Antonio Giovanni Viscardi    27.12.1645 - 9.9.1713



Antonio Giovanni Viscardi wurde am 27. Dezember 1645 in San Vittore, im Misoxer Tal (dem Valle Mesolcina) des italienischsprachigen Graubünden, nahe der Tessiner Grenze getauft. Er entstammt einer Familie von Maurern und Architekten, deren Mitglieder trotz hohen Ansehens im heimatlichen Tal seit Generationen aus Existenzgründen gezwungen waren auszuwandern. Vater Bartolomeo, Großvater Giovanni Antonio, Urgroßvater Bartolomeo arbeiten nachweislich seit Mitte des 16. Jahrhunderts nördlich der Alpen, von Bayern bis in die Steiermark, und gar bis Mainz. Andere Mitglieder der Graubündner Sippe tauchen schon früher als Maurermeister, Stadtwerkmeister, Baumeister unter Namen wie Viskart (Viscart) Fischart, Vieschart, Viesshart, Wiscard, oder Fischardi auf. Dieses Gastarbeiter- und Emigrantenschicksal teilen die Viscardis mit zahlreichen Zunftgenossen der näheren Heimat, wie den Andreota, den Gabrieli, den Zuccalli.

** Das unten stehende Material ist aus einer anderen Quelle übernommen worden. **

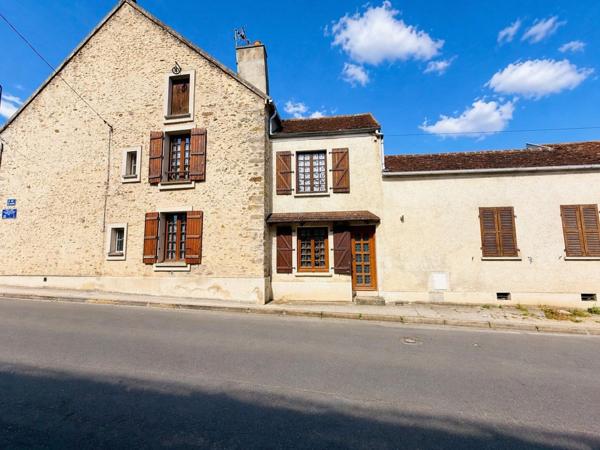 Maison à LA CHAPELLE-GAUTHIER, 77720 - 6 pièces 118m²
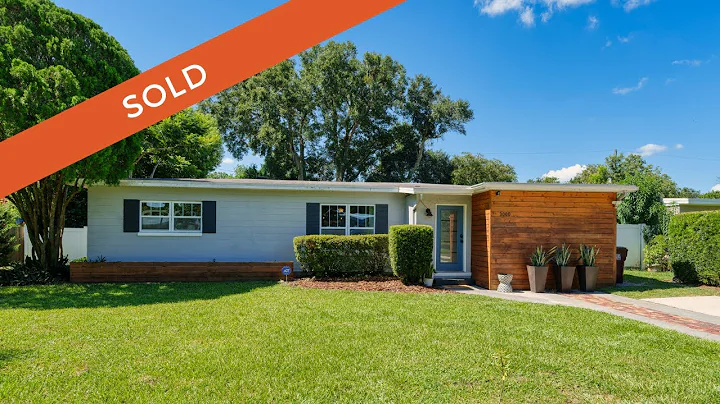 Hourglass District Pool Home for Sale in Orlando, ...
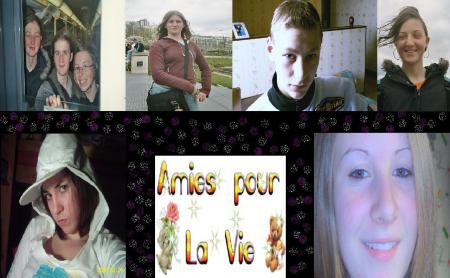 voila mes amies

Noch nicht ganz 30 Jahre alt ist Antonio Visacrdi im Frühjahr 1674 als Palier des kurfürstlichen bayerischen Hofbaumeisters Enrico Zuccalli beim Umbau der Altöttinger Wallfahrtskirche anzutreffen. Im Jahr darauf heiratet er in San Vittore, um seine junge Frau dann nach München mitzunehmen, wo er schon 1678 zum Hofmaurermeister des Kurfürsten Ferdinand Maria avanciert. Er erhält ein Entgelt von 200 Gulden.

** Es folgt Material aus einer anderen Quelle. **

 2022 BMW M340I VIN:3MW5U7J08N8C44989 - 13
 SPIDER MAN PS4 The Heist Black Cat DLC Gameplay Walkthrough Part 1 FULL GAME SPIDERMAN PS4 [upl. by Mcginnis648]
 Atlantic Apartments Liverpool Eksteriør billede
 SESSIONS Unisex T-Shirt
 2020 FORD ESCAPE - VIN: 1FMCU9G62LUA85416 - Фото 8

Trotz anfänglich guter Berziehung zu seinem Vorgesetzten Zuccalli, der wie er aus dem Misoxer Tal, aus Roveredo, stammt, bleibt Viscardi in diesen Jahren in München aus dem privaten Kreis der "welschen" Handwerker und Architekten ausgeschlossen. Um 1680 hatte er Anspruch erhoben auf einen kleinen Garten vor dem Schwabinger Tor, dessen Nutzen ihm als Teil seiner Entlohnung als Hofmaurermeister zustand. Obwohl Zuccalli den Garten unter finanziellem Aufwand für sich angelegt hatte, entschied die angerufene Behörde zu Viscardis Gunsten. Zuccalli mußte nachgeben.

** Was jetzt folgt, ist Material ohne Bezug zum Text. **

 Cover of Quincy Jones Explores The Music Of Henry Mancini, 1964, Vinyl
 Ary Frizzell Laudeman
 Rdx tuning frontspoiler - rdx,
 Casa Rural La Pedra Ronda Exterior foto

Laut Steuerbuch der Stadt München wohnt die Familie Viscardi in der heutigen Maffeistraße. Die Paten seiner Kinder sind namhafte Münchner, so zum Beispiel die Frau des Hof- und Geheimrats Graf Berchem, dessen Gunst und Wohlwollen Viscardi bis etwa 1684 hatte gewinnen können. Zu seinen ersten Arbeiten gehört die Renovierung des baufälligen Schlößchens Blutenburg unter Leitung Zuccallis.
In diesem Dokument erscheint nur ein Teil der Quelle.